Andy and David both left comments on last week’s post that questioned what exactly the authors mean by profit. This is a great place to start. From the tone of the article, references to Wall Street and the typical mental model most people have about profit, I suspect this author means accounting profit: Total Revenue – Total Costs =Profit. With the reference to Wall Street earlier in the article, it may be they are thinking of quarterly profits. David and Andy both suspected Apple’s focus was on value creation.
Apple’s focus is on making truly great products — products so great that its own employees want to use them. That philosophy has made Apple one of the most innovative companies in the world. Steve Jobs’ legacy isn’t the Mac. It’s not the iPhone. Or the iPad.
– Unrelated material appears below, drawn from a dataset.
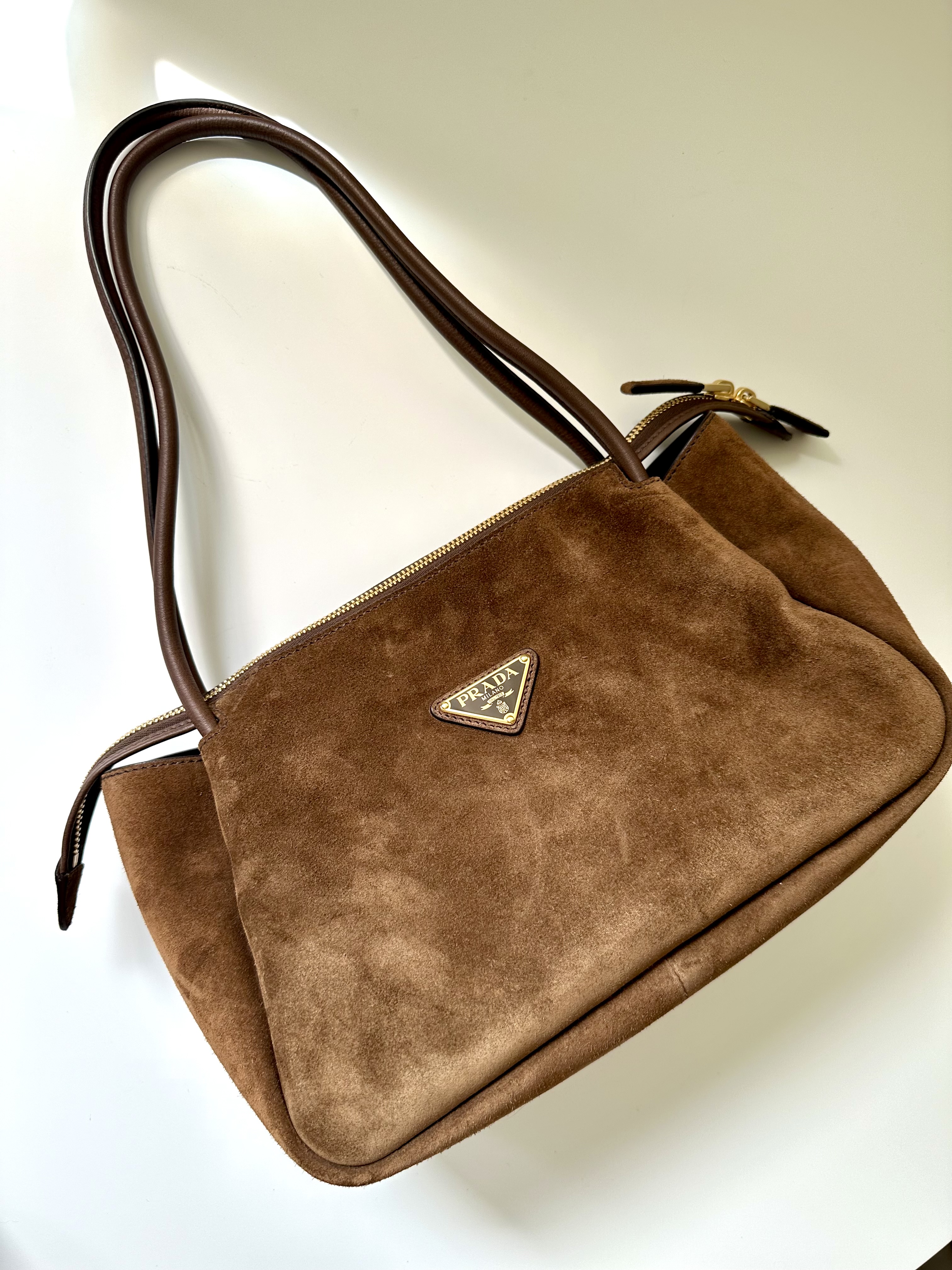 Prada czekoladowa zamszowa torebka - obrazek 6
His legacy is in the creation of Apple itself, reminding us that profit is not the ultimate goal, but rather a consequence of something greater.
This quote makes me think Apple was/is focused on value creation and their profit was/is an indicator of that value. The “something greater” might be value creation (I don’t think people on the outside can know for sure). For analysts who are focused on quarterly profit, it seems outrageous to release a product (iPad) that cuts into one of your most recognized businesses (laptops and computers). However, for a company focused on long run value creation, it seems much less worrisome.
As I read the article, I wondered what other aspects of the organization were in place to allow this attitude (which I believe is a focus on value creation) to emerge. Clearly there were some values and beliefs in play supporting the strategy. This quote hints that folks at Apple may have a point of view on creative destruction:
Despite being perceived as a premium, high-end player, Apple under Job’s leadership has not simply managed to avoid being disrupted by others, it has disrupted entire industries — many of them. Even more impressive, it’s disrupting itself.
It seems to me people working at Apple have a shared value around innovation and believe the cool-factor is important. If the company is solidly focused on value creation, then a clear understanding of their customers, when and how the value is created and other aspects of vision must be in place. Imagine having a company full of people who do not understand value creation AND are ignoring profit.
As David pointed out in his comment, maybe the authors are using a bit of exaggeration. At one point the author says Jobs was “eschewing” profit. Putting aside the specifics of Apple, let’s focus on some big picture ideas. With all these ideas about value creation versus profit, can any for-profit company truly ignore accounting profit? Does MBM suggest we ignore or eschew profit?